Biz, işçi sınıfının iktidarını da savunuyoruz. Bu işçi sınıfıyla olumlu ilişkiler içinde olduğunu söyleyen diğer akımlardan bizi ayırıyor. Çünkü herhangi bir sendika da işçi sınıfıyla iyi ilişkiler içinde olabilir ama bu onun bir iktisadi koşulları değiştirme hedefine sahip olduğunu göstermez. İktidar değişikliği hedefi, soyut olarak parti literatüründe yazılı olmasının ötesinde; somut ve güncel olarak şekillendirilmeli.
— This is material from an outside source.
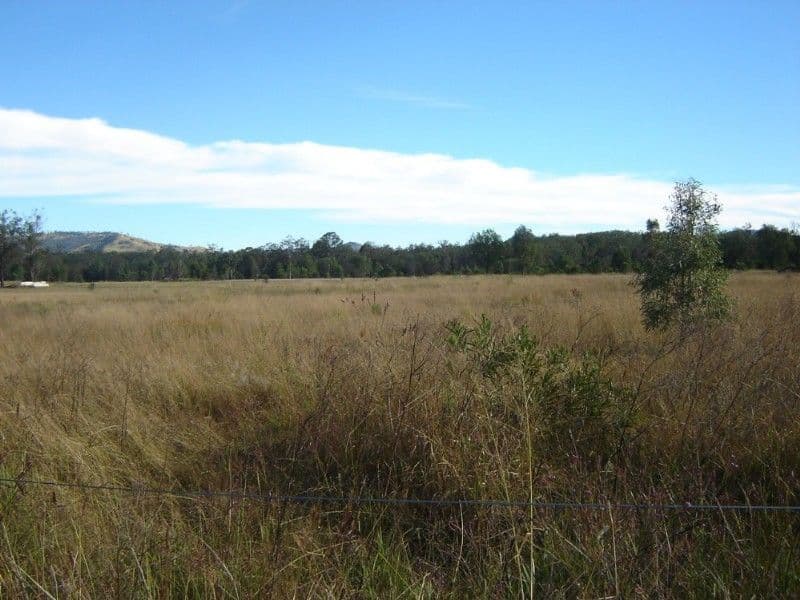 5 Postmans Ridge Road, WITHCOTT QLD 4352, Withcott - Thumbnail 3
Herkesin çalışabilme yeteneğini ve ihtiyaçlarını dikkate alan bir eşitliği savunuyoruz. Bu, Komünist Manifesto’daki yetenek ve ihtiyaçlar ölçüsünü bir bayrak olarak taşımayı sürdürme manasına geliyor. EHP, bunları ileri sürdükten sonra, ana çalışma konusunu örneğin “cumhuriyetin kazanımlarını korumak” yönünde belirlemiyor. Elbette cumhuriyetin kazanımları olarak; laiklik, bağımsızlık, seçme ve seçilme hakkı gibi önemli alanlarda mücadele verilmesi gerekecektir. Ne var ki kendini asıl olarak bununla tanımlamak, bununla meşruiyet sahasının daha geniş olacağını öngörmek ya da bununla hızlı ilerleme sağlanacağını düşünmek bir ölçüde hatadır. Bizim ülkemizde sol siyasal akımların bir kısmı bu hatayı yapıyor.

Türkiye’deki bir sosyal demokrat parti de bunu yapabilir ama o parti işçi sınıfı iktidarını hedeflemiş olmaz. Siyasal hedef tanımlaması asıl olarak cumhuriyetin kazanımları seviyesinde yapılırsa, bu asıl hedefin yerine bir ara kademe konulması ya da bir dolayım yaratılması anlamına gelir. Cumhuriyetin kazanımları olumludur ama asıl olumlu olan sosyalizm hedefidir. 1917 Şubat Devrimi çarlık dönemini kapatmıştır ve o nedenle iyidir ama asıl iyi olan Ekim Devrimi’dir. Eğer bu iki ayrı yöneliş arasındaki farkı önemsiz hale getirirsek, kökten değişikliğin hangisi olduğu gerçeği zamanla soluklaşır. Kapitalist sistem karşıtı hedefe sahip bir alternatif kalmaz ortada. Sorun budur.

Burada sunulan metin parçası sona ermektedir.